Countries outside the US and Canada have vast quantities of hydrocarbons yet to be tapped from shale formations, said a June assessment released by the US Energy Information Administration, which commissioned Advanced Resources International Inc. to compile the updated report.
An initial EIA-ARI global shale gas assessment was released in 2011, and that report did not estimate shale oil resources. The 2013 update estimated 7,299 tcf of technically recoverable shale gas worldwide, a 10% jump from the 2011 estimate. The 2013 estimate listed 345 billion bbl of technically recoverable shale oil.

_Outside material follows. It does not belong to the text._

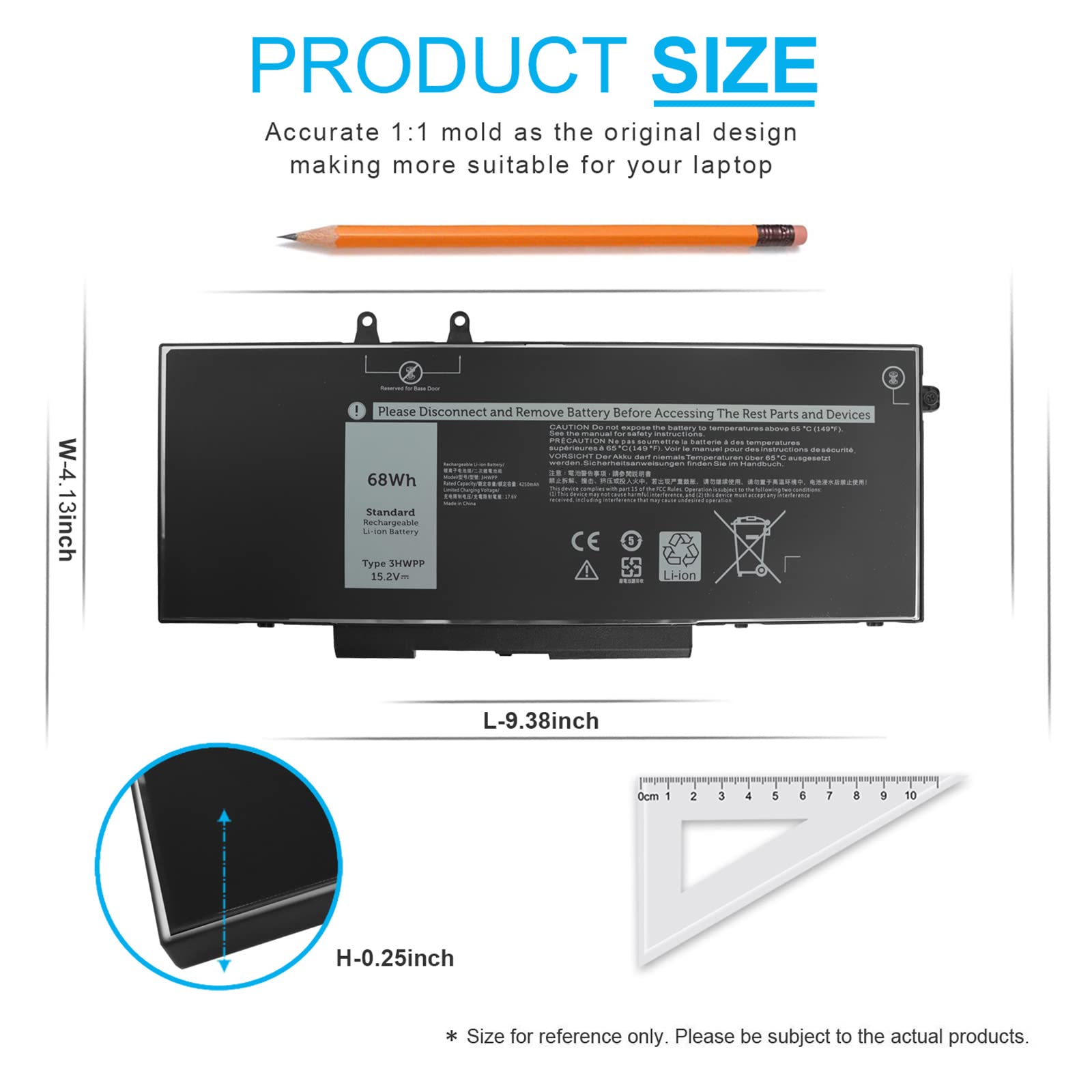 Foto 5 pulgar | Batería Emanjor 68wh 3hwpp 15 2 V Para Dell Latitude 5501 5510 - Venta Internacional.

The updated shale estimate indicated 10% of the world's total estimated technically recoverable oil resources are in shale or tight formations, and 32% of the world's technically recoverable gas are in shale formations. Shale resource estimates likely will change as additional information becomes available.
EIA Administrator Adam Sieminski said, "The extent to which technically recoverable shale resources will prove to be economically recoverable is not yet clear."
Economical recovery depends on drilling and completion costs, the volume of oil or gas produced during an average well's life, and oil and gas prices.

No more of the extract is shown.